Movie studio Miramax will begin offering online movie rentals via Facebook. This makes Miramax the second studio to offer Facebook rentals–Warner Bros. began a similar service in March. Like Warner’s service, Miramax will serve up content through a custom Facebook app for 30 Facebook credits or $3 per rental.
The service will initially be offered in the United States, the United Kingdom, and Turkey, but Miramax plans to expand the offering to France and Germany very soon. There are currently 20 titles available in the U.S., and 10 titles available in the U.K. and Turkey.
In the U.S., titles currently being offered include Pulp Fiction, Good Will Hunting, Chicago, Kill Bill Vol. 2, Trainspotting, and Spy Kids. In the US, titles currently available include Pulp Fiction, Good Will Hunting, Chicago, Kill Bill Vol. 2, Trainspotting, and Spy Kids, among others. According to reports, content will be cycled in and out, depending on the rights to availability.
Miramax says iPad users accessing Facebook will also be able to use the app. This suggests that the app doesn’t use Flash-based video, and that it’s likely written in HTML 5. HTML5 is supported by most platforms (without the need for additional software), including desktop computers, set-top boxes, and mobile devices.
In a blog post, Miramax CEO Mike Lang speaks of the company’s high hopes for its foray into social digital distribution, “We are big believers in Facebook and what it could mean for the future of the content business,” Lang writes. “We believe this App is an important step in Miramax’s evolution.”
Online rentals are certainly becoming a big business. Netflix, for example, is now believed to make up about 30 percent of all Internet traffic during peak hours.
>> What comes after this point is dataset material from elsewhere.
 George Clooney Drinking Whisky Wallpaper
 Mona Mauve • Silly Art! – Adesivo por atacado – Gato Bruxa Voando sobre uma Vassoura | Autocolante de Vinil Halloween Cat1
Streaming is also becoming a bigger part of Netflix’s business overall: its recent 60 percent price hike was all about coercing customers to movie away from its traditional DVD-by-mail business.
For studios like Miramax, cutting out the middleman (Netflix) adds an extra benefit: higher profits. Instead of distributing their material through a third party and requiring that party to pay a nominal fee, Miramax can now keep all of the profits for itself.